J'ai aussi demandé à chaque chef d'état-major ou à leurs majors généraux de m'indiquer les particularités de leurs services, certains de ceux-ci étant prioritaires. On ne peut pas traiter tous les sujets que nous avons commencé à évoquer – le cyber, les sauts technologiques – sans changer notre rapport avec la réserve de la DGA. J'ai demandé à Emmanuel Chiva, délégué général pour l'armement, d'élaborer un plan de réserve. Aujourd'hui, pour être réserviste à la DGA, il faut un diplôme d'ingénieur.

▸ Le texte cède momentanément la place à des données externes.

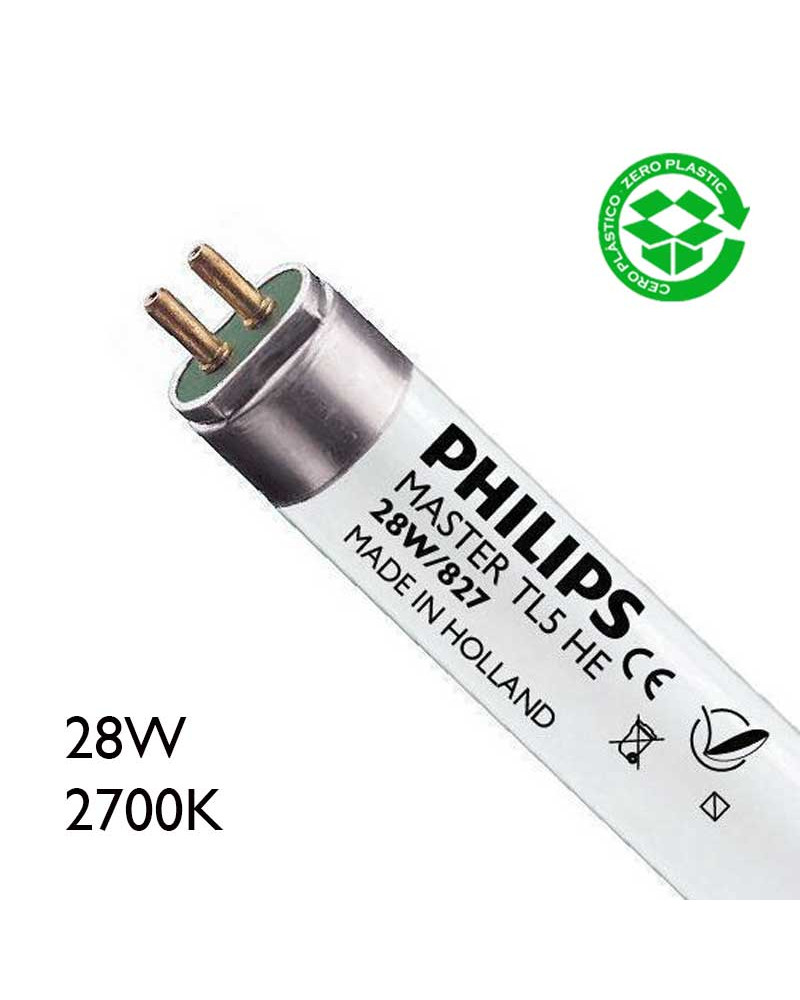 Tubo fluorescente PHILIPS 28W/827 TL5 HE 115cm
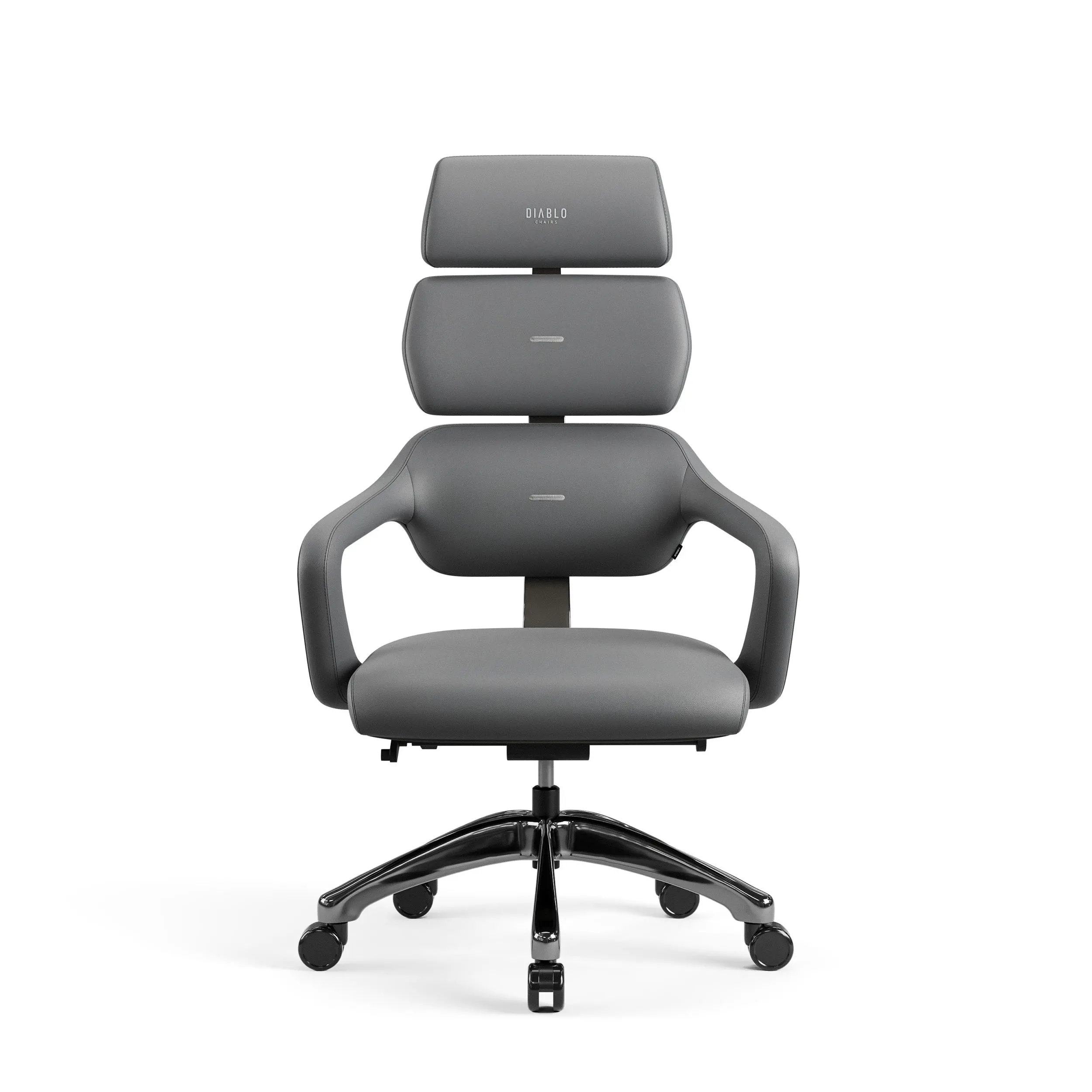 Fotel Diablo Chairs V-Modular Biurowy do 160kg Skóra ECO Szary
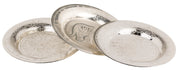 PIATTO IN METALLO COLOR ARGENTO PER BIGIOTTERIA, CA. 10 CM,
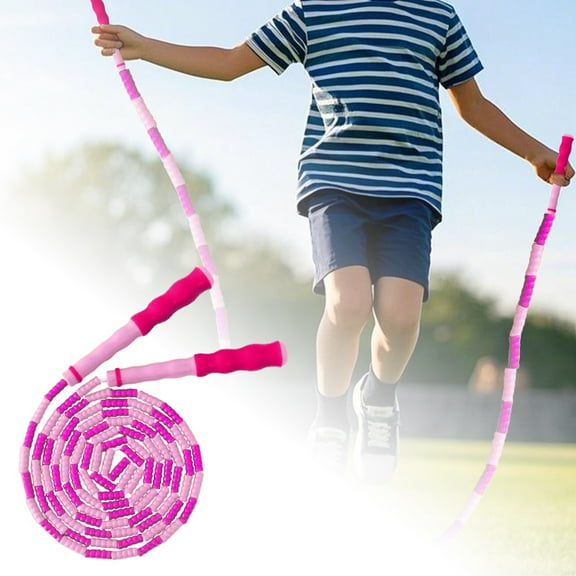 Skipping Rope Kids Soft Rubber Training Rope for Elementary School Sports Ideal for Preschool Beginners
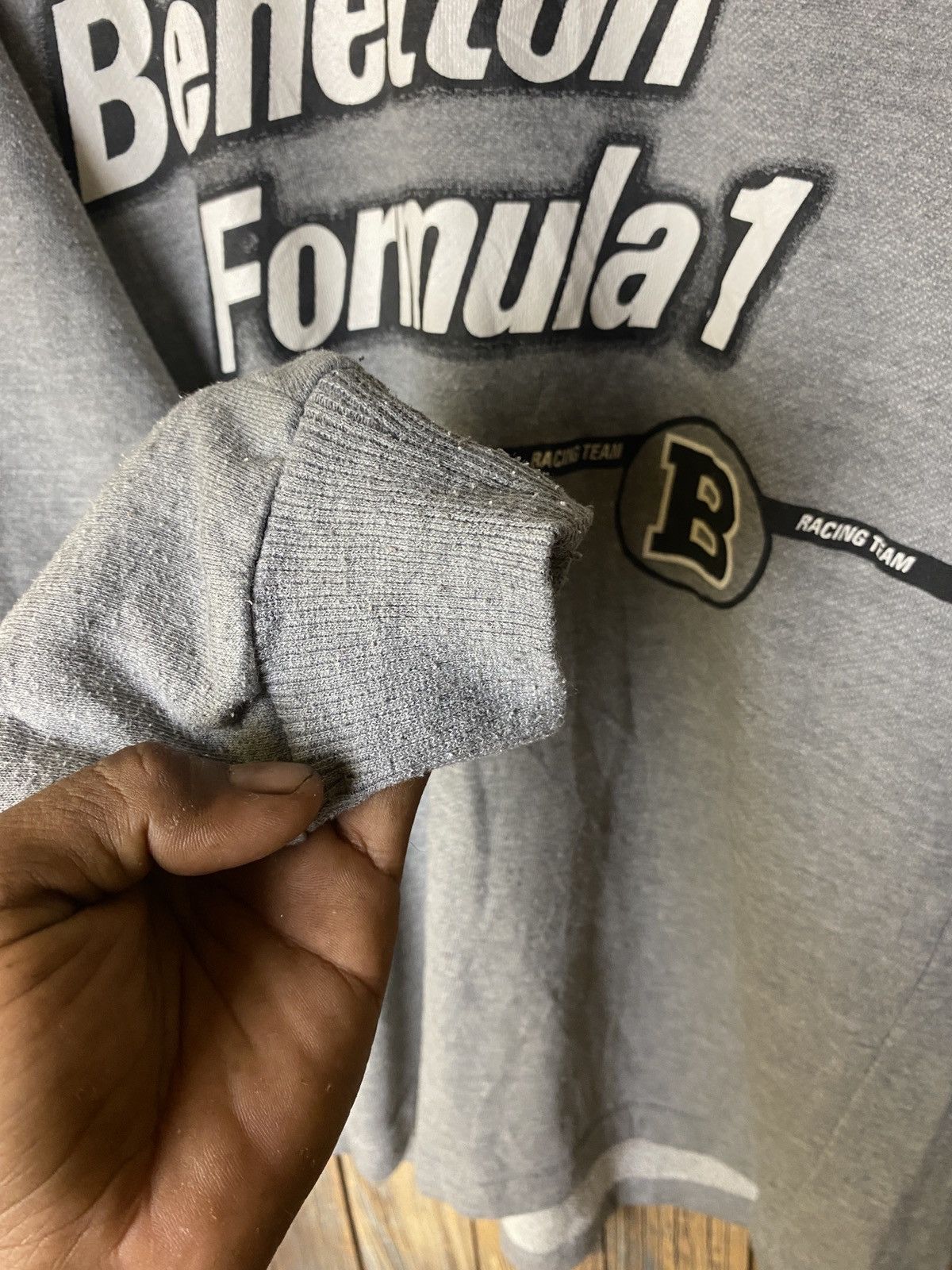 Vintage Vintage benetton formula 1 crewneck sweatshirt Size US M / EU 48-50 / 2 - 6 Thumbnail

Or, dans le domaine du cyber par exemple, il y a des gens qui n'ont pas ce diplôme mais qui pourraient être très utiles à nos équipes. Aujourd'hui, à la DGA, il n'y a pas de sous-officiers : tout le monde est ingénieur, il faut donc être officier. Je ne suis pas convaincu que nous n'ayons pas besoin de sous-officiers pour occuper des fonctions particulières. Il y a enfin un problème de pyramide des âges : faut-il expliquer à un génie de 25 ans qu'il va rester sous-lieutenant très longtemps parce que, pour obtenir ses cinq galons panachés ou quatre galons, il faut attendre d'être plus vieux ?
Tout cela ne relève pas vraiment de la LPM, c'est plutôt la politique du Gouvernement, de l'état-major, du commandement. Mais je suis disponible pour débattre en profondeur de ce sujet avec la commission.
Les missions de la réserve sont très diverses. Certaines unités spécialisées font face à des enjeux particuliers. C'est du bon sens : partir sur un bateau pendant quatre-vingts jours, ce n'est pas complètement la même chose qu'être réserviste dans les forces spéciales. Il existe aussi une réserve à la direction générale de la sécurité extérieure (DGSE), dont on parle peu. Il existe aussi des réserves plus larges, plus classiques, qui typiquement permettent d'encadrer la Journée défense et citoyenneté.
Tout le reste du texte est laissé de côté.